Whisper Tamil Medium
Property | Value |
---|---|
License | Apache 2.0 |
Base Model | OpenAI Whisper Medium |
Training Framework | PyTorch |
Primary Task | Automatic Speech Recognition |
What is whisper-tamil-medium?
Whisper-tamil-medium is a specialized automatic speech recognition (ASR) model fine-tuned from OpenAI's Whisper-medium specifically for Tamil language processing. Developed at Speech Lab, IIT Madras, this model demonstrates impressive performance with a Word Error Rate (WER) of 6.5% on Common Voice test set and 6.97% on Google Fleurs test set.
Implementation Details
The model was trained using a comprehensive dataset combining multiple Tamil ASR corpuses including IISc-MILE, ULCA, Shrutilipi, Microsoft Speech Corpus, Google/Fleurs, and Babel ASR Corpus.

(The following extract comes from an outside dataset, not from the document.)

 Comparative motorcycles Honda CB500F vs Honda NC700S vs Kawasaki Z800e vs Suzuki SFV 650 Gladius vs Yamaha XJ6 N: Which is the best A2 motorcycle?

Training utilized 8-bit AdamW optimizer with a linear learning rate scheduler, implementing mixed precision training for optimal performance.
- Learning rate: 1e-05 with 17,500 warmup steps
- Batch size: 24 (training) / 48 (evaluation)
- Total training steps: 33,892
- Mixed precision training enabled
Core Capabilities
- High-accuracy Tamil speech recognition
- Supports both CPU and GPU inference
- Compatible with whisper-jax for faster inference
- Optimized for production deployment
Frequently Asked Questions
Q: What makes this model unique?
This model stands out due to its specialized fine-tuning for Tamil language using a diverse range of high-quality datasets and its impressive WER scores on standard benchmarks. It's also optimized for both accuracy and inference speed.
Q: What are the recommended use cases?
The model is ideal for Tamil speech transcription tasks, particularly in applications requiring high accuracy such as subtitling, content moderation, and speech analytics. It can be deployed in both research and production environments.